AP Exclusive: Many problems at jail where inmates escaped
CLEVELAND (AP) — The overcrowded Ohio county jail from which four inmates escaped last weekend has been repeatedly cited by state inspectors for its lack of a security perimeter, broken security cameras and a lack of records showing whether officers conducted daily inmate counts, The Associated Press has learned.
The male inmates who escaped overpowered two female corrections officers at the Gallia County Jail near the southern tip of Ohio using a handmade shank early Sunday. All four were captured Monday in North Carolina and await extradition to Ohio.
There have been three other escapes from either the jail or an inmate transport vehicle in the last 13 months. Three people incarcerated at the jail have died since December 2018.
A report by the Ohio Department of Rehabilitation and Correction after an inspection in December obtained by the AP said the jail was at double its capacity of 21 inmates and overall had failed to comply with 77 state standards. For instance, security perimeter doors weren’t secured during the inspection, the report said. The report also cited the jail for lacking a two-way radio system and failing to show whether corrections officers conducted contraband searches.
Previous annual inspections cited many of the same problems. The jail failed to meet 63 standards during an inspection in November 2017 and 86 standards during an inspection the previous November.
Sheriff Matt Champlin has said the shortcomings at the 70-year-old jail located in the basement of the county courthouse have existed for years.
The inspections have raised questions about all aspects of the jail’s operation, including sanitation, broken lavatories and light fixtures and lukewarm showers.
“The jail was in an overall unhygienic condition and the physical plant was in a state of disrepair,” state inspector Scott Filicky wrote in his report dated Jan. 29 of this year.
The report also noted lack of round-the-clock medical care and the unavailability of treatment for mental health issues and drug and alcohol addiction.
The Gallipolis Daily Tribune has reported that Gallia County commissioners are exploring building a new jail.
Champlin, the sheriff, didn’t respond to an interview request Wednesday or Thursday but discussed problems during a news conference Sunday.
He said that when he took office in January 2017, he realized the jail was “insufficient to meet the needs and the number of criminals and the type of criminals we’re housing.”

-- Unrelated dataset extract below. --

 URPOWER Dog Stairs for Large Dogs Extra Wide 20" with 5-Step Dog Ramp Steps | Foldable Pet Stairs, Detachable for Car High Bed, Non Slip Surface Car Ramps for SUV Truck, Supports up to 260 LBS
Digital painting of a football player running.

“It’s a problem that has existed for at least the last 15 to 20 years,” he said.
Champlin said the county sends prisoners to other jails, some four hours away from the county seat of Gallipolis, but must bring them back to Gallia County for court hearings. Staffing has been a challenge because the county has struggled to find people willing to work for $11 to $15 an hour as corrections officers. Two female corrections officers were supervising male inmates the night of the escape because two male officers had called in sick.
One of the inmates who escaped Sunday had done so before. In early September, he fled from a transport van with another inmate while being brought from another jail. They were found the next day hiding inside the crawl space of a home.

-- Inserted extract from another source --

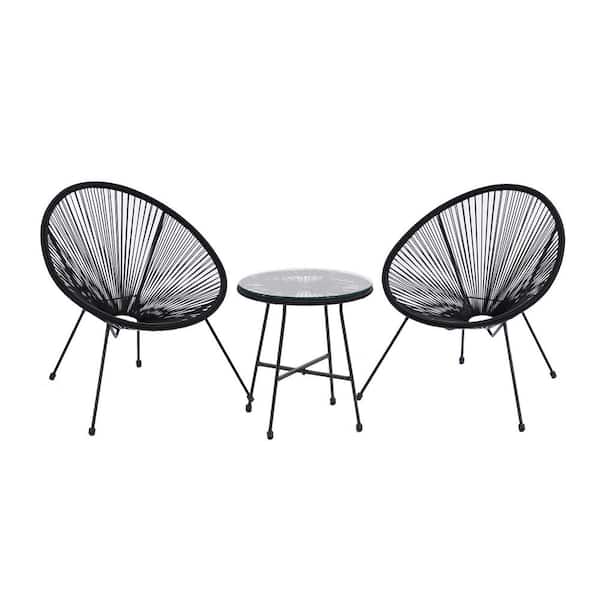 Inner Decor Seymo Black 3-Piece Metal Acapulco Chair Outdoor Patio Conversation Set with Table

Two women escaped from the jail in late August 2018. A male inmate overpowered guards and escaped weeks earlier.
Champlin said the jail is not built to provide the services the state requires because of its physical structure.
Sherry Russell, the mother of David “Tommy” Gibson, an inmate who killed himself, challenged Champlin at Sunday’s news conference.
“My goal is to change the policies that these people are dying over,” Russell told Champlin. “My son will not have died in vain.”
In an interview Wednesday, Russell said she and Gibson’s wife pressed domestic violence charges against him after he had made threats. Russell said she hoped time in jail would allow her son to detox from his methamphetamine addiction and begin to think clearly again.
Russell said her 27-year-old son called her from the jail days before he died saying he was sick and wanted to hurt himself. Russell said she heard from other inmates that he rapidly deteriorated overnight and yelled about harming himself. Russell said that when she asked Champlin what the surveillance camera focused on her son’s cell showed, he told her it had been damaged several weeks prior.
“The system failed him,” Russell said. “How can this jail stay open if they can’t guarantee (inmates’) safety?”
Russell said she has spoken with agents from the Ohio Bureau of Criminal Investigation, which is investigating her son’s death.
A week after Gibson’s death, a 35-year-old man died of an overdose from drugs that Champlin said were smuggled into the jail. A 36-year-old man was found dead in a cell in December 2018. The Gallia County coroner said the man died from natural causes.